Outside of town there were more adventures to be had. There are caves, petro glyphs, rock cutouts, junkyards, tunnels, mesas, mountains, a former golf course (in those days no-one expected them to be green and manicured), and huge open desert to explore. I loved exploring these caves. Sometimes I would imagine that they were connected to the caverns in Carlsbad by an Area 51 type research facility. One of the other unique, but secret, attractions is the petro glyphs. There only form of preservation is the secret. But there are some ‘modern petro glyphs’ aka graffiti. The ridge that these carved rocks are on is like the ridged back of a stegosaurus. The rocks follow the ridge in a nearly straight line. Just the environment provided so much to explore around Madrid. I could tell many stories of my friends and I getting into trouble. Leaving the actual stories aside, I realize that many of the ones worth telling have a theme. Someone got hurt. Never seriously, but it was certainly a valuable learning experience.

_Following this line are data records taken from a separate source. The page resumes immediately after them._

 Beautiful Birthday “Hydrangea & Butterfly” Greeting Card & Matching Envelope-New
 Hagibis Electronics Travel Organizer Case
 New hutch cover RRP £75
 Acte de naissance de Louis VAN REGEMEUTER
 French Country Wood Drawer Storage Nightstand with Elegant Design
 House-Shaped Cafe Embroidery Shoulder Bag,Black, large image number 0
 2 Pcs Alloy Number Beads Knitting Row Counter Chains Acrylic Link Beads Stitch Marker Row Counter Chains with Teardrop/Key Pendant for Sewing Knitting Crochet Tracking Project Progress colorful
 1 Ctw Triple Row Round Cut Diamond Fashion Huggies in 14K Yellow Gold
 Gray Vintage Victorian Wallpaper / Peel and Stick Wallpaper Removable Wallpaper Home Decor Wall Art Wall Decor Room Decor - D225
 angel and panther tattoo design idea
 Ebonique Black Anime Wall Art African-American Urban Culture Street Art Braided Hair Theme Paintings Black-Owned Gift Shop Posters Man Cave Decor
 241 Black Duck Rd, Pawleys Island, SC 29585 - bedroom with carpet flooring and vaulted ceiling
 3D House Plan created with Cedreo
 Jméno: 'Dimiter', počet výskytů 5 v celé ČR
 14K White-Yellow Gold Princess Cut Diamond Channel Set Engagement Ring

After my parents divorced, my father spent several years renting a space on a friend’s property. He lived in a small cab over trailer. Many people find it strange that anyone my age has ever used an actual outhouse, but there was a very nice one on this property. On the property there was one permanent building with a kitchen and shower. This building had running water from a huge underground storage tank. My father was in charge of hauling the water in. One of the most remarkable things about this 100 acre plot of land was that in order to access it you had to drive through an arroyo. This meant that during flash flood season we often had to tow out people who got stuck in the mud. One time I remember stopping on one side on the arroyo to look for something that my dad had lost. As we looked he stopped and had me listen. There was a low, growing roar. Less than a minute later, there was a ten foot high wall of water roaring down the arroyo in front of us. Once the water had established its presence, it ran slowly, and only a foot or so deep. Even that did not last long.
When my mother bought the property that she later built our home on, the house that was on the property had burned down. I even wrote a poem when I was about five about the ‘Burnt Up House’ as we called it. The original homes in Madrid were hauled in on the railroad. They were very minimalist. Because they were made only of wood, they are now tinder boxes. If one of these homes catches fire, the heat alone can catch the next. We are VERY cautious about open flames in Madrid.
Because water is at a premium, when my grandparents chose to rent out part of their home, they were left without a bathroom. We took baths in a big plastic tub with water we heated up on the stove. They had a port-a-potty out back.
I hope that this gives some insight into who I am, and how I got that way. I believe that the experiences I had growing up are invaluable. I believe that everyone should have the opportunity to live out of time and place. I believe that everyone should have the opportunity to explore the natural world as well as the historical one.